I argued that while trade dominates political rhetoric, it no longer represents the decisive source of leverage in the global system. Trade flows amount to roughly a trillion dollars. Capital flows, by contrast, run into the hundreds of trillions. The real advantage the US still holds lies not in tariffs, but in its dominance of global capital markets, financial infrastructure and information flows.
Here’s what we discussed:
- Why trade wars miss the real issue: How the erosion of multilateral trade predates Trump, and why tariffs alone cannot reset global economic relationships.
- Capital flows as the US’s last major leverage: Why control over capital markets and information transparency matters more than goods trade.
- Pushback from emerging economies: How countries such as India and Indonesia are resisting US financial services firms by building domestic payment systems.
- From currency wars to platform wars: Why competition is shifting toward payments infrastructure rather than reserve currencies.
- BRICS and the dollar reality: Why a BRICS reserve currency remains implausible, and why the US dollar continues to dominate through capital markets and dollar-based stablecoins.

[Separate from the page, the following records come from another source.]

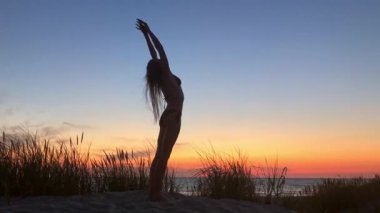 Sahilde gün batımında çimlerle uzanan bir kadın silueti. Sakinleşme zamanı..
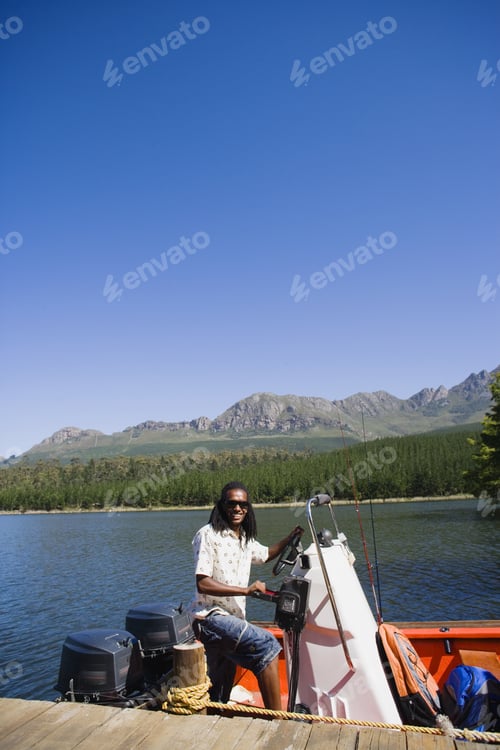 Preview: Man Standing At Helm Of Moored Motorboat Beside Lake Jetty, Smiling, Side View, Portrait
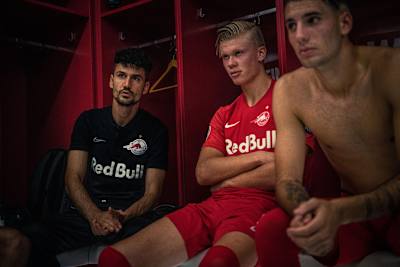 Erling Haaland listens in the dressing room with team-mates during Red Bull Salzburg's 6–2 victory against Genk in the Champions League group stages on September 17, 2019.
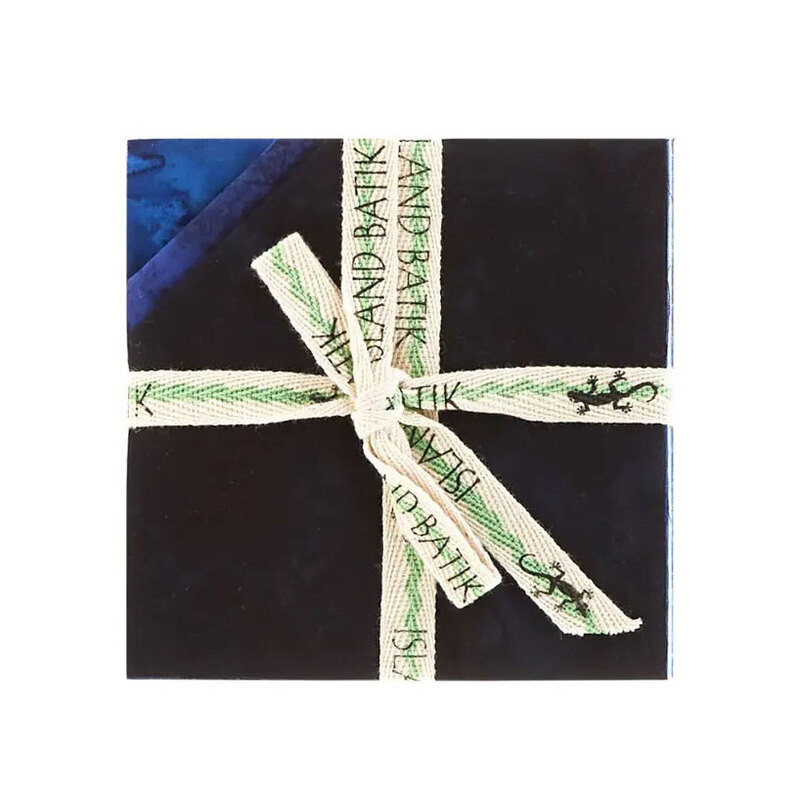 Image of the mottled blue 5" charm stack with tied with an "Island Batik" ribbon.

We also discussed why the dollar remains resilient even as China reduces its direct holdings of US Treasuries. Excess dollars are increasingly intermediated through Chinese banks and redeployed globally via credit and trade financing. At the same time, dollar-based stablecoins continue to dominate digital payments, reinforcing US influence as finance becomes more digital and tokenised.
The conversation closed with a longer-term view. In a multipolar world, alliances reconfigure over decades, not election cycles. Over time, it will be countries that liberalise information flows, maintain accountability and build strong institutional safeguards that shape the next phase of global economic leadership.
These themes connect closely to ideas I explore in my book, The Great Transition, particularly the role of capital mobility and information transparency in determining which economies ultimately thrive.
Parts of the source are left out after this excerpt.